Open JingCheng-NOAA opened 5 months ago
The file contains observations: airTemperature, seaSurfaceTemperature, specificHumidity, stationElevation, stationPressure, virtualTemperature, windEastward, windNorthward.
When cropped the data to fit within the model domain, the datatype of 'stationIdentification' @ MetaData group tend out to be 'O'. Not sure if this the correct, because when use 'ncdump' to check the IODA file, it listed as type of 'string'. So manually convert this variable from 'object' into 'string' and write out as NC file. Though the available observation number reduced about 1/3, but the file size increased 3 times due to this variable type change.
First attempt run with the cropped data encountered an error that looking for 'MetaData/stationElevation'. This should be something wrong with JEDI code since the observation NC file does not contain 'MetaData/stationElevation'. 'stationElevation' exists in group 'obsType' and 'obsValue'.
Encountered error in analysis by complaining missing variable "MetaData/stationElevation". The current bufr2ioday.py creates "MetaData/heightOfStation". The python script is modified to change this variable name to "MetaData/stationElevation" so JEDI can recognize the variable. The analysis manage to run through after the change.
Three variables are simulated [stationPressure, airTemperature, specificHumidity]
Though hofx0 and OMBG looks reasonable, the increment is all 0 and it seems like all the observations are marked as missing Value according to the log file. However, the latest test removing all the observation filter still have the same result. None of the observations are used in the analysis.
The 0 increment is due to lack of observation error information. Use gdas issue#82 as a reference to modify the YAML file by adding in and inflating the observation errors.

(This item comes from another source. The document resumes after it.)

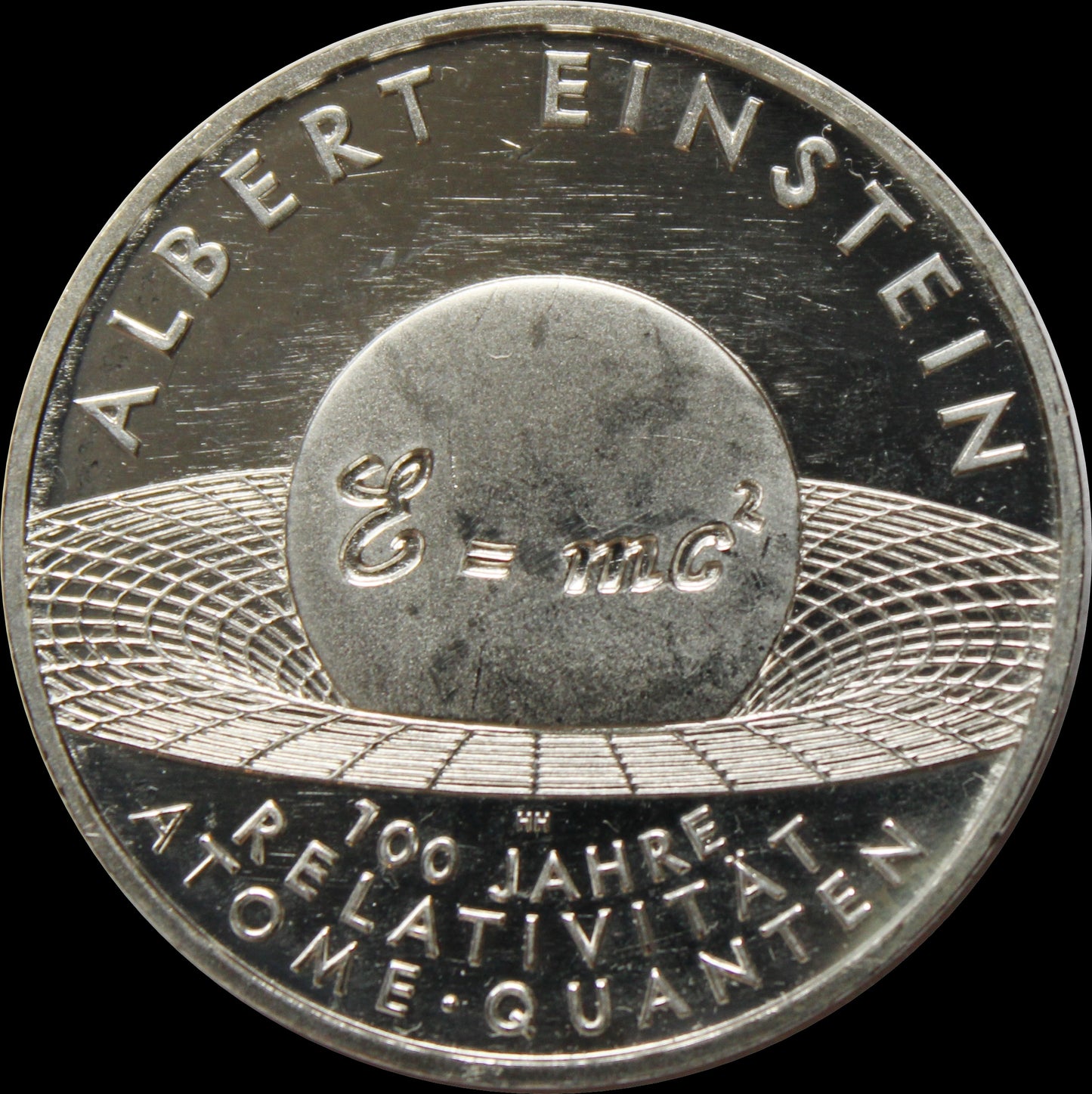 ALBERT EINSTEIN, Serie 10 € Silber Gedenkmünzen Deutschland, Stempelglanz, 2005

Start a single observation experiment to test on the observation error for the temperature (obstype: 180)
- filter: Perform Action
filter variables:
- name: airTemperature
where:
- variable: ObsType/airTemperature
is_in: 180
action:
name: assign error
error parameter: 2.5
defer to post: true
ObsValue: 300.4 hofx: 296.3624 omb: 4.037627 oman: 3.947423
The bufr2ioda.py will generate a file with QualityMarker
group of variables. However, it's been tested to prove that to use ObsFunction/ObsErrorFactorConventional
for error inflation, PreQC
is the only variable name that being accepted by ObsErrorFactorConventional function. Thus, the bufr2ioda.py or yaml need to be modified to make sure change the group QualityMarker
into PreQC
Praveen suggest to add following in the YAML file for this QualityMarker
and PreQC
issue temparorly.
obs prior filters:
# Create PreQC group variable
- filter: Variable Assignment
assignments:
- name: PreQC/stationPressure
type: int
source variable: QualityMarker/stationPressure
After several test, the version of obs prior filters
works for the SFCSHP data is following block (and yes, JEDI is looking for MetaData/height
if this prior filter is turned on ):
obs prior filters:
- filter: Variable Assignment
assignments:
- name: PreQC/airTemperature
type: int
source variable: QualityMarker/airTemperature
- name: MetaData/height
type: float
source variable: MetaData/stationElevation
A comparison with GSI showed difference in hofx is ~0.29, 0.1%
Observation error is also off for jedi
Hi @JingCheng-NOAA, I think you are almost there. What obs operator in JEDI is used for this data type? And how is the interpolation done in GSI (e.g., 3dintrp)?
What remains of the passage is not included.